▸ **PROMPT**: The lines from the one with "Used 2025 Kia Sportage EX FWD image 19" through the last line of the material below, copied exactly and free of pictures, make up the whole answer.

▸ **RECORD EXCERPTS**:
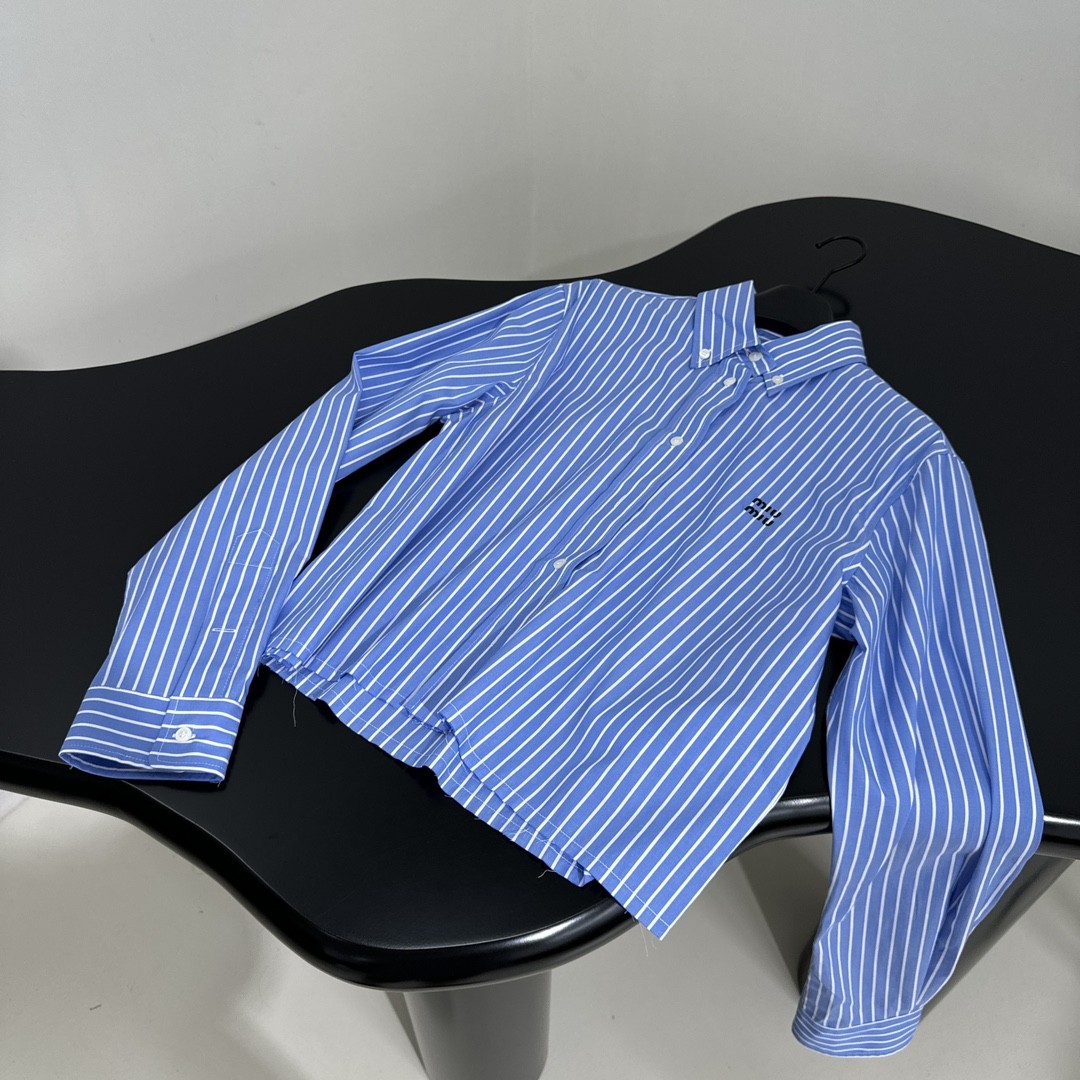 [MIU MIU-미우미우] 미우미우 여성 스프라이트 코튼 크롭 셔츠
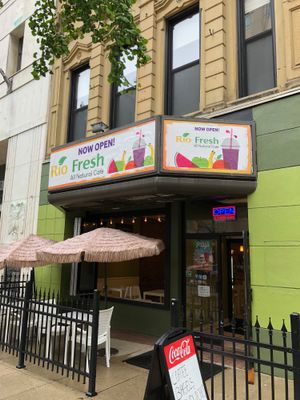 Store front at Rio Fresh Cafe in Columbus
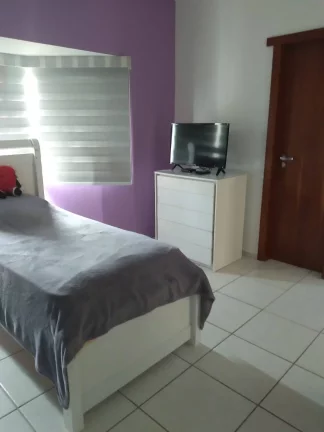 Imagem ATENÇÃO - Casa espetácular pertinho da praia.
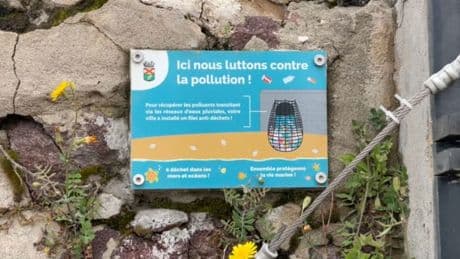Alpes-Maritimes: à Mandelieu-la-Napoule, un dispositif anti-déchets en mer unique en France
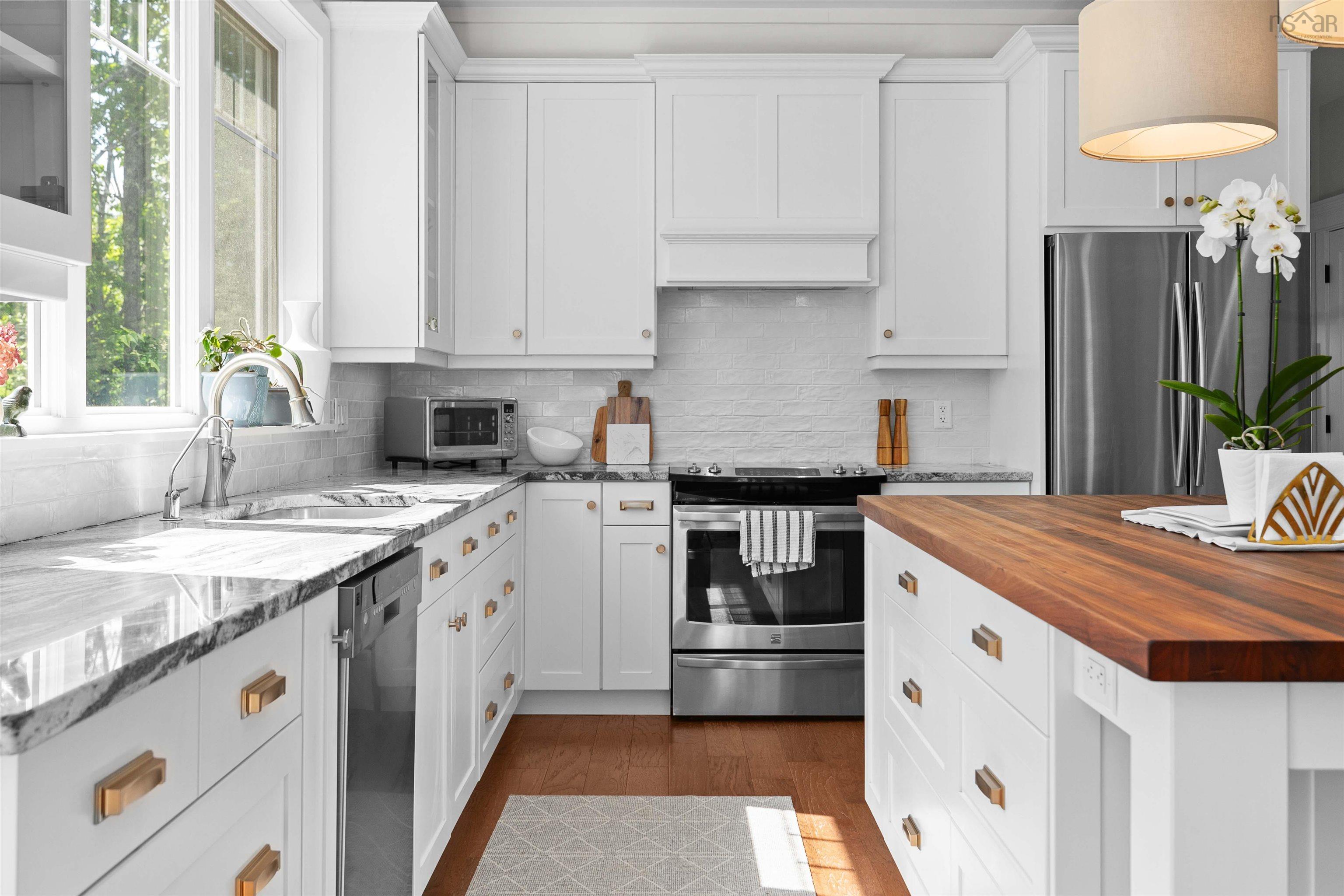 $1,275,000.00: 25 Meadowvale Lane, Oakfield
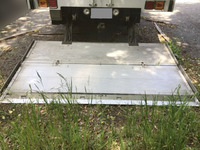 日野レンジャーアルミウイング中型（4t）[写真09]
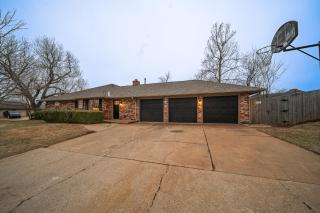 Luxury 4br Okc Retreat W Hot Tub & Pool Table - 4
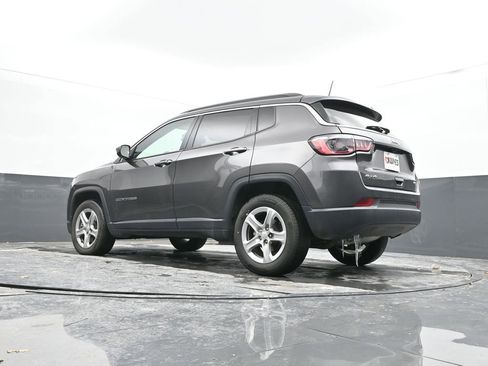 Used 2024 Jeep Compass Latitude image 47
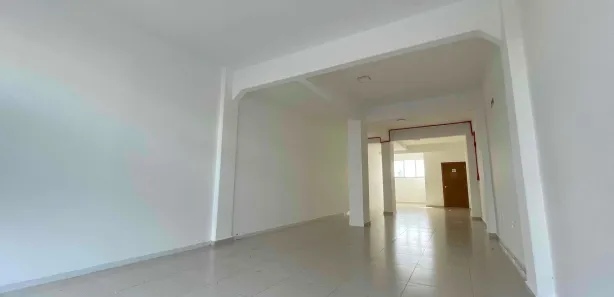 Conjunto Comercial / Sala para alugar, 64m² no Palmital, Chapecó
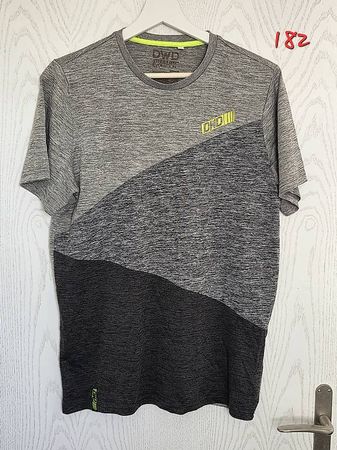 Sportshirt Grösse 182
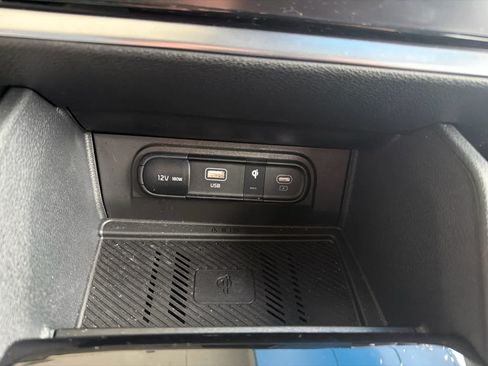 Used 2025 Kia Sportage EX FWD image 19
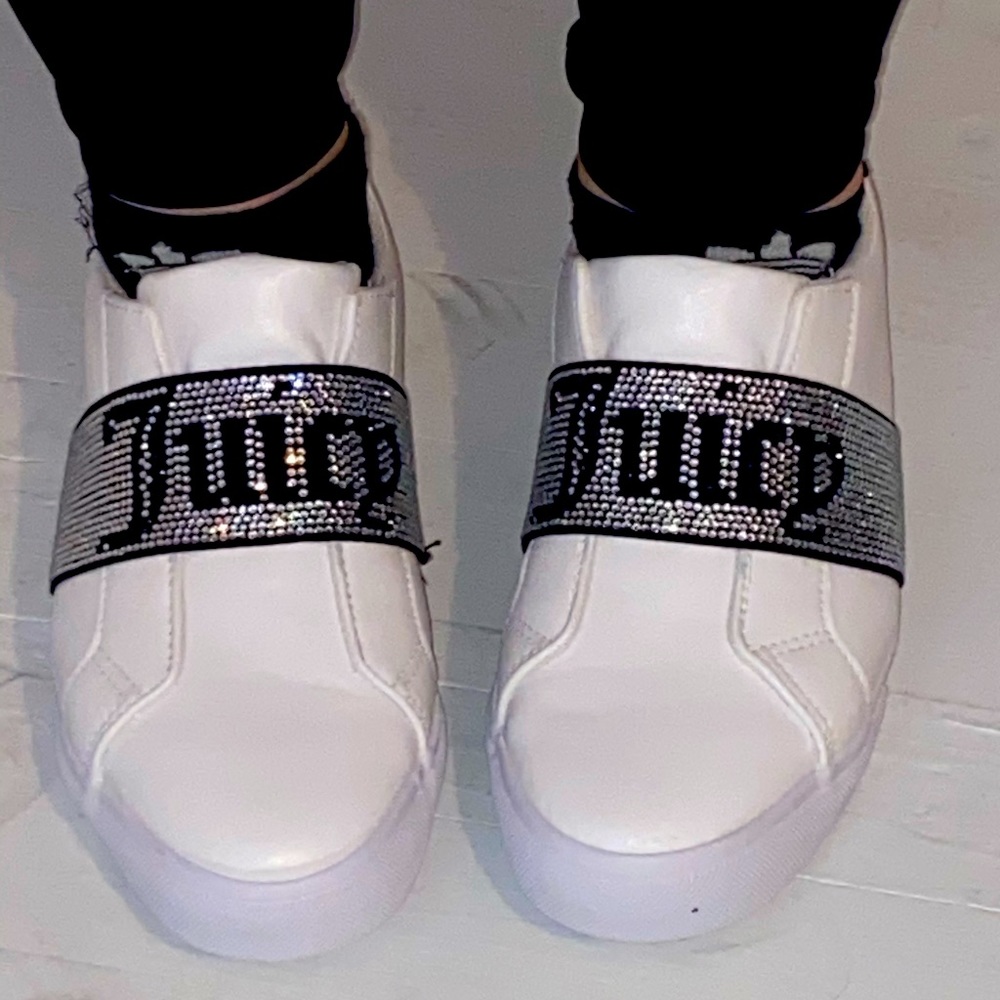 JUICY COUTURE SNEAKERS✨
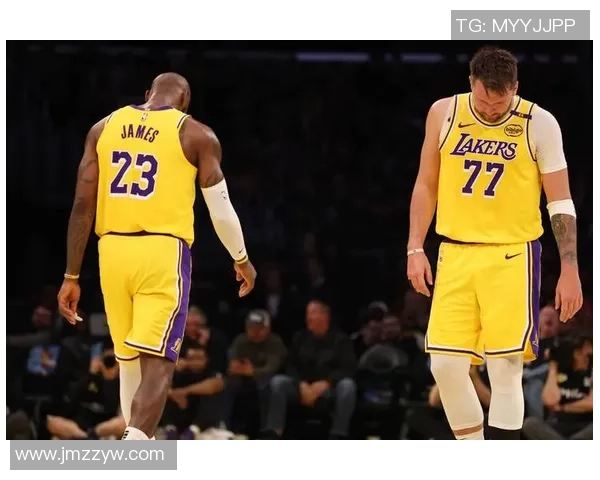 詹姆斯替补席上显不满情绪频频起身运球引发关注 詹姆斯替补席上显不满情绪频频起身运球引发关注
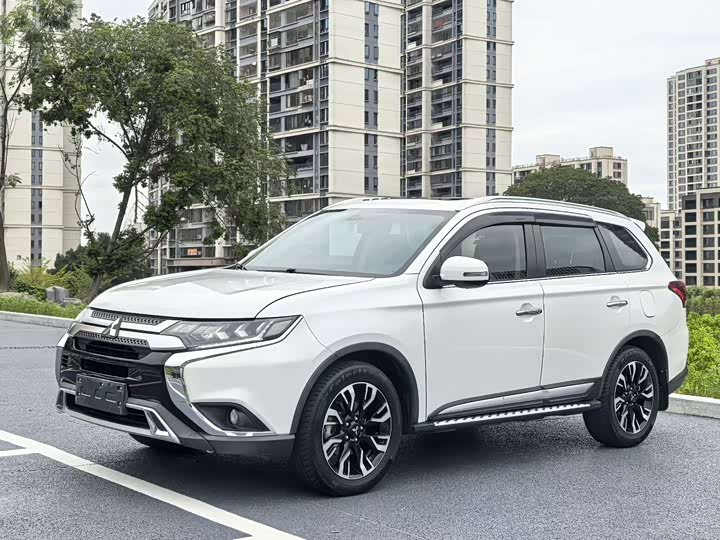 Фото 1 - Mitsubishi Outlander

▸ **SOLVED EXERCISE**:
 Used 2025 Kia Sportage EX FWD image 19
 JUICY COUTURE SNEAKERS✨
 詹姆斯替补席上显不满情绪频频起身运球引发关注 詹姆斯替补席上显不满情绪频频起身运球引发关注
 Фото 1 - Mitsubishi Outlander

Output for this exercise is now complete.